START Records provided

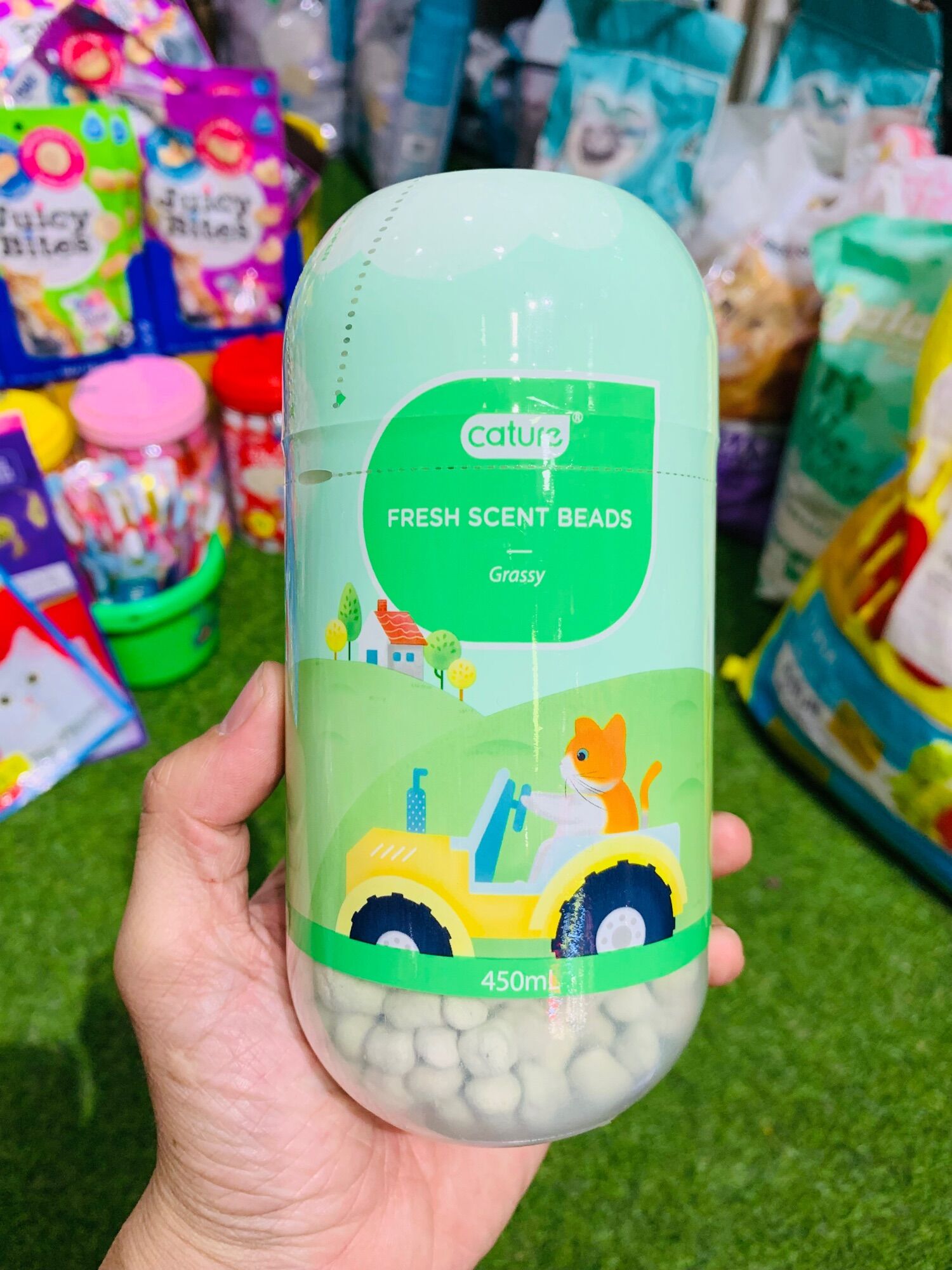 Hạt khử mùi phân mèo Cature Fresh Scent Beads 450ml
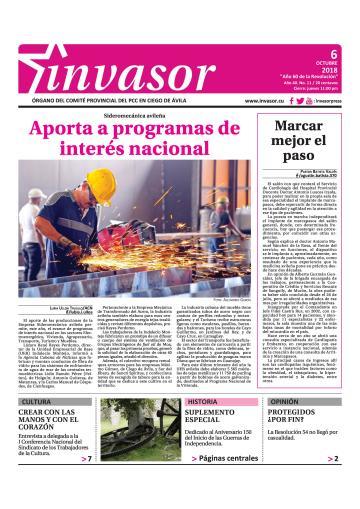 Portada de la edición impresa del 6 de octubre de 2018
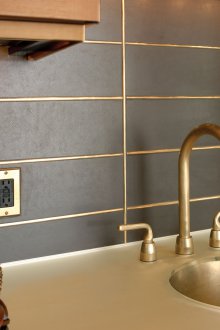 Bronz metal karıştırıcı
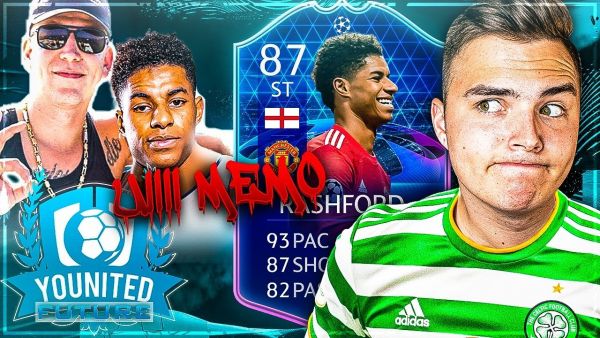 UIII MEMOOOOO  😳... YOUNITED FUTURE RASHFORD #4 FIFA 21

END Records provided
START Records provided

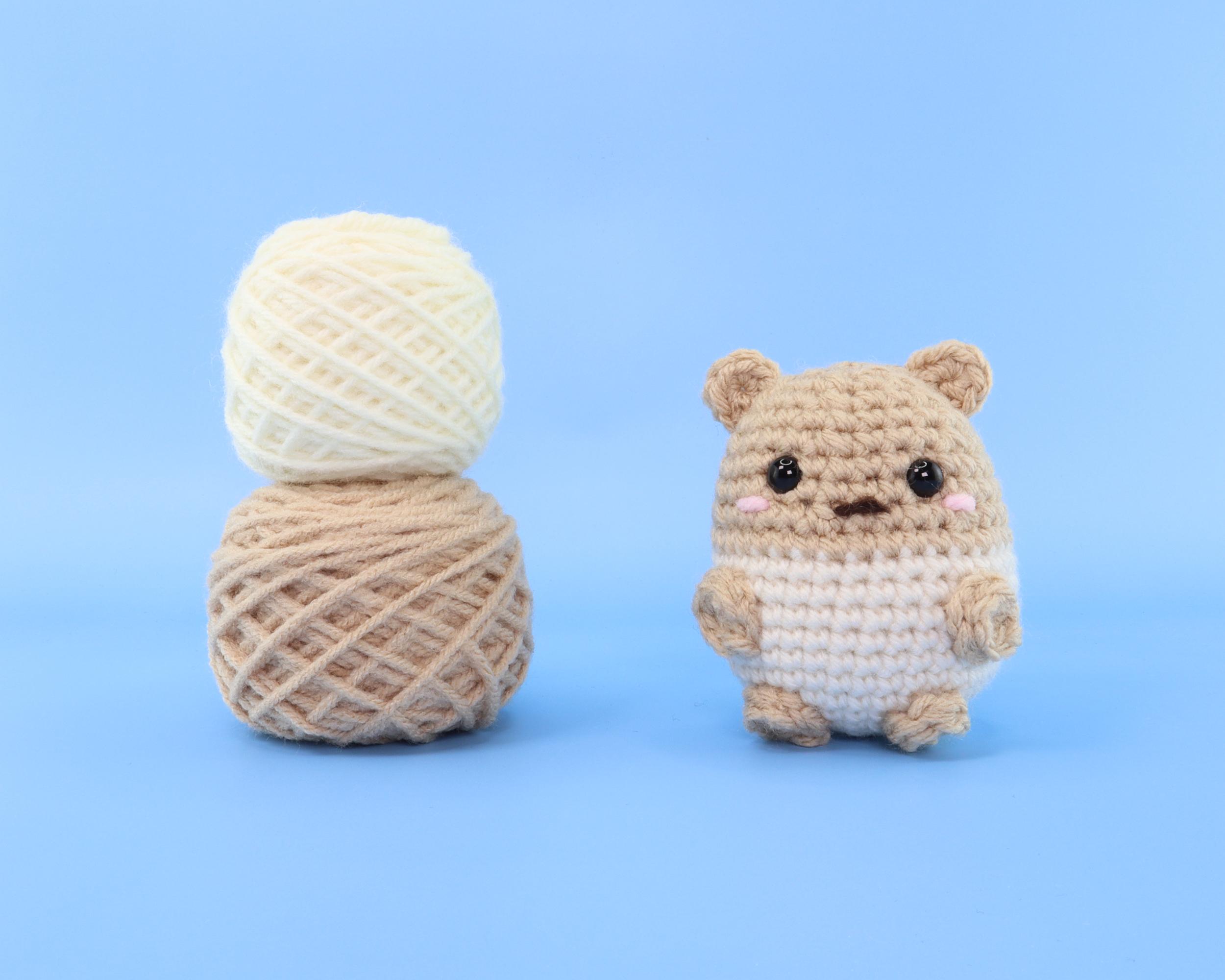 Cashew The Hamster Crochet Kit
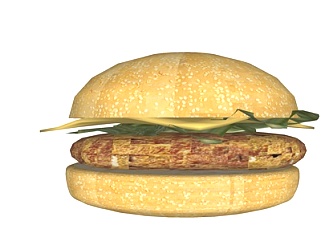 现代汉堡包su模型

END Records provided

-- Task to carry out --
What you need to produce is an exact copy of the entries above, limited to the lines from the one with "Hạt khử mùi" up to and including the one with "RASHFORD #4 FIFA 21", without pictures.

-- Response area --
 Hạt khử mùi phân mèo Cature Fresh Scent Beads 450ml
 Portada de la edición impresa del 6 de octubre de 2018
 Bronz metal karıştırıcı
 UIII MEMOOOOO  😳... YOUNITED FUTURE RASHFORD #4 FIFA 21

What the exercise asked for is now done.